Era precisamente por aqui que devia começar a reflexão sobre a verdade desportiva no futebol português, porque, com tecnologia ou sem tecnologia, é impossível haver verdade desportiva se o decisor não for imparcial. Ora, aquilo que me parece evidente, tendo em conta o último estudo da UEFA que atribui ao Benfica 47% dos adeptos portugueses e ao Sporting e Porto os restantes (apenas um pequena percentagem residual não é de nenhum destes três), é que o campeonato português não reúne condições mínimas para garantir a existência de decisores imparciais.

Façamos, no entanto, a perícia à nossa I Liga, para aferir da qualidade dos alicerces:

1. Qual o adepto mais fiel e mais faccioso: o adepto de um clube ou da selecção?

2. Se um árbitro português não pode arbitrar um jogo da selecção portuguesa, por que razão um adepto do Benfica pode arbitrar ou ser observador de um jogo do Benfica? 

3. Se, em Portugal, praticamente toda a gente é do Benfica, Sporting e Porto, como é possível encontrar um decisor para os jogos que envolvam estes três clubes que não seja parte interessada na decisão?

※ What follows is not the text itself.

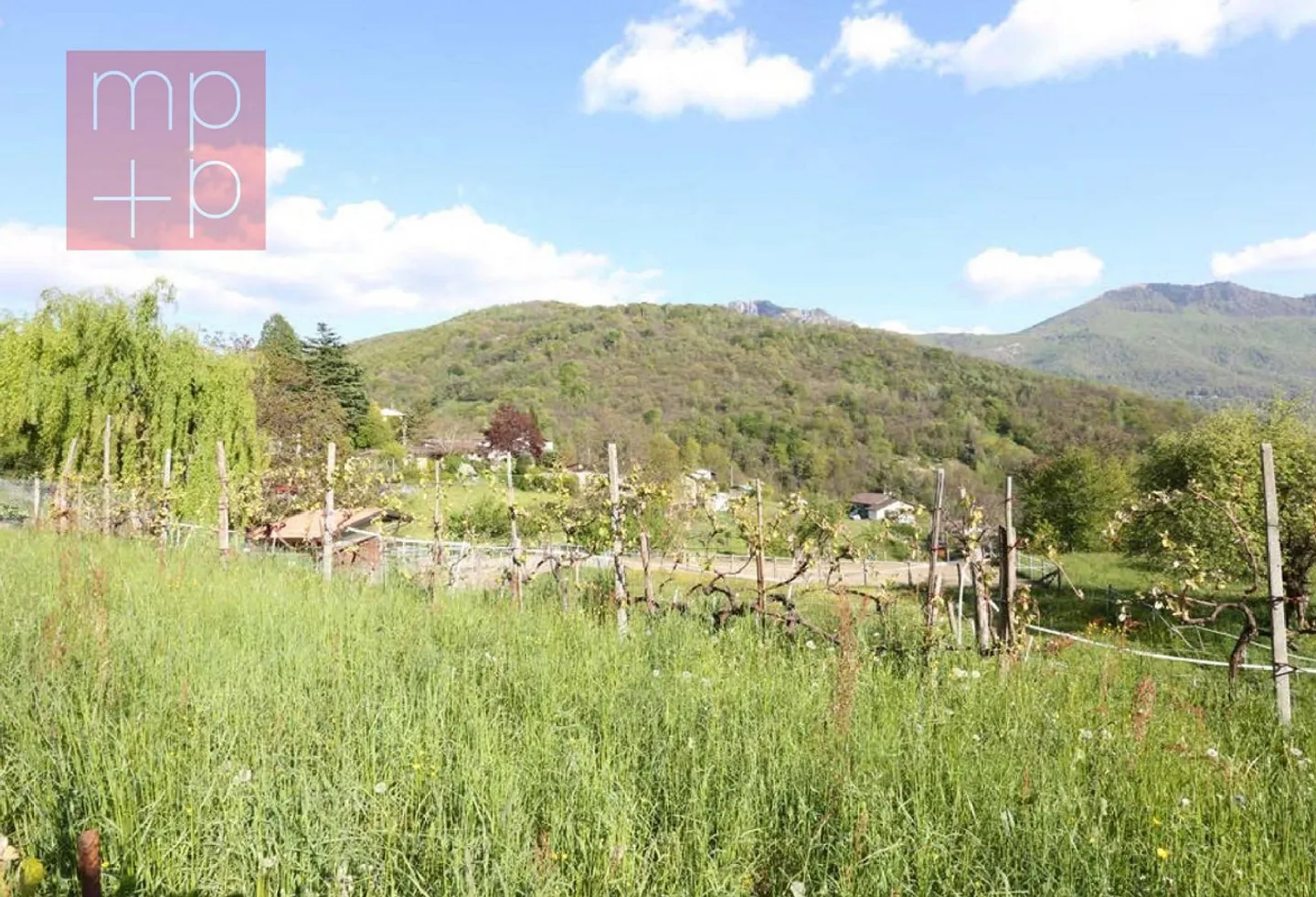 Terreno per costruire - Lopagno - Photo 2 sur 8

4. Como pode haver verdade desportiva se Benfica, Sporting e Porto jogam a grande maioria dos jogos com clubes que não têm adeptos, cujas bancadas de sócios estão pejadas de adeptos das equipas adversárias, cujos presidentes confessam publicamente serem adeptos da equipa adversária e estão, inclusive, na disposição de transferir o jogo para um estádio maior para favorecer ainda mais a equipa adversária e em que os próprios jogadores profissionais confessam abertamente e sem qualquer pudor, no facebook e nas entrevistas antes dos jogos, a sua paixão pela equipa adversária?

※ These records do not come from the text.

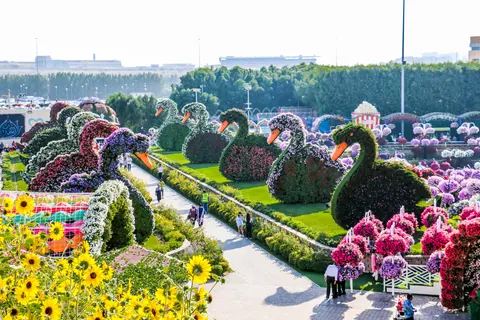 Miracle Garden, музеи и галереи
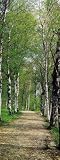Brewster 2-1402 Birch 2-Part Door Mural, 2-Foot 10-Inch by 6-Foot 10-Inch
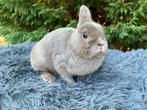 Kleurdwerg feh voedster, Dieren en Toebehoren, Vrouwelijk, Dwerg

5. Como pode haver verdade desportiva quando a maioria dos clubes portugueses vive na indigência ou num tal estado de necessidade que precisam de vender a sua dignidade e jogadores nos últimos jogos do campeonato para sobreviverem mais alguns meses?

6. Como pode haver verdade desportiva se apenas têm relevância para a comunicação social os jogos e os casos onde são intervenientes Benfica, Sporting e Porto e, mesmo nestes jogos, apenas os funcionários destes clubes têm direito a propagandear a versão do seu clube, o que fazem, aliás, denotando um fanatismo e uma parcialidade que são só por si esclarecedores?

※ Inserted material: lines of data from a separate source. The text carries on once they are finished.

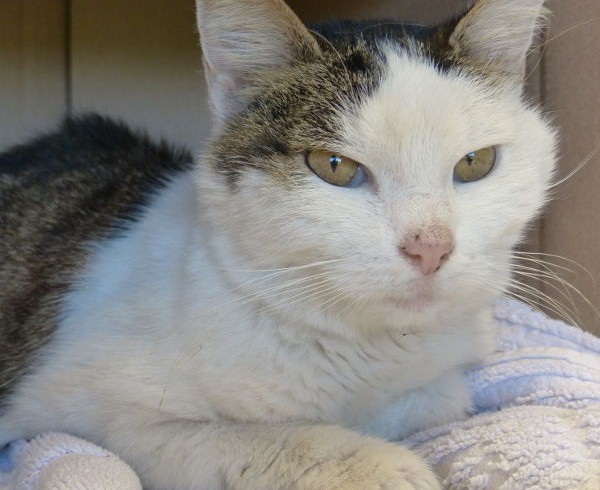 wowarsissi.com wowarsissi.com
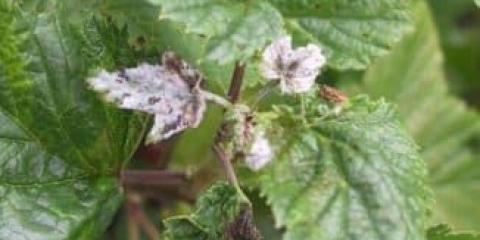 Kako se pepelnica pojavljuje na crnoj ribizli i kako se nositi s njom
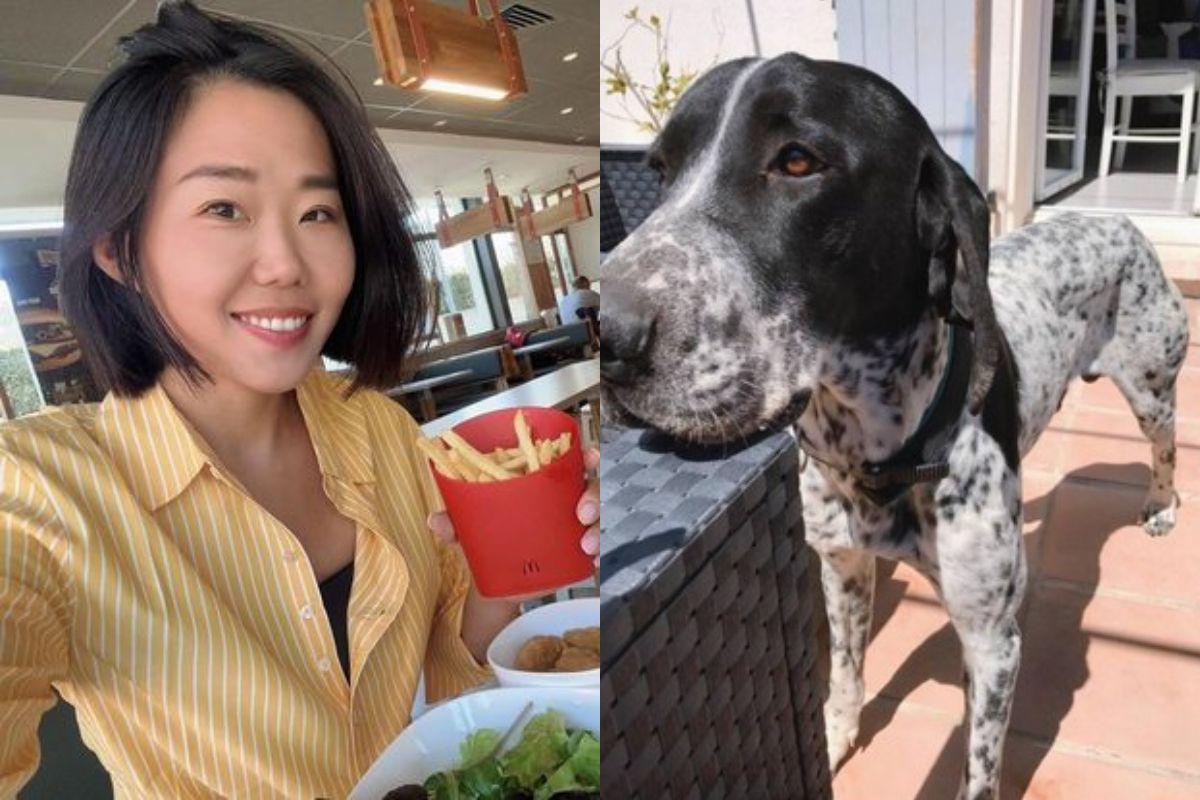 ▲亞歷媽坦承2017年謊稱愛犬麥坤遭水泥車輾斃，但其實是送養到別人家。（圖／翻攝自亞歷媽臉書）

7. Como pode haver verdade desportiva quando se permite a um clube comprar os direitos televisivos de outro clube que disputa a mesma prova, quando essa compra pode camuflar a compra do próprio resultado desportivo? Em que outro país do mundo civilizado é que isto sucede?

8. Como haver verdade desportiva quando se permite que um clube transmita em exclusivo os seus próprios jogos? Se o Sporting também tivesse a transmissão exclusiva dos seus próprios jogos seria possível ver as imagens da agressão de Slimani? Em que outro país do mundo civilizado é que isto sucede?

9. Se o FC Porto, em vez de ter disponibilizado umas prostitutas a um árbitro e a pedido deste, oferecesse, em todos os jogos, a todos os árbitros, fiscais de linha e observadores, uma camisola do Madjer e 4 vouchers para uma noitada no "Calor da Noite", já seria tudo perfeitamente legal, uma vez que cabe dentro dos valores estipulados pela UEFA?

10. Como pode haver verdade desportiva, em Portugal, quando a esmagadora maioria dos portugueses se apaixonou pelo seu clube do coração pelos mesmos motivos que as jovens modelos se apaixonam por velhos babosos, ricos e poderosos?

Toda a gente sabe como se ganham os títulos e se fazem as fortunas em Portugal. Como canta Leonard Cohen: "Everybody Knows". Até o Boavista conseguiu ganhar o campeonato quando teve o seu presidente no lugar certo. Em todo o caso, a verdade desportiva é absolutamente irrelevante para quem tem a vocação de prostituta. E no futebol português, infelizmente, há demasiada gente que se comporta como tal: dirigentes, jogadores, treinadores, árbitros, jornalistas, comentadores e, sobretudo, os adeptos.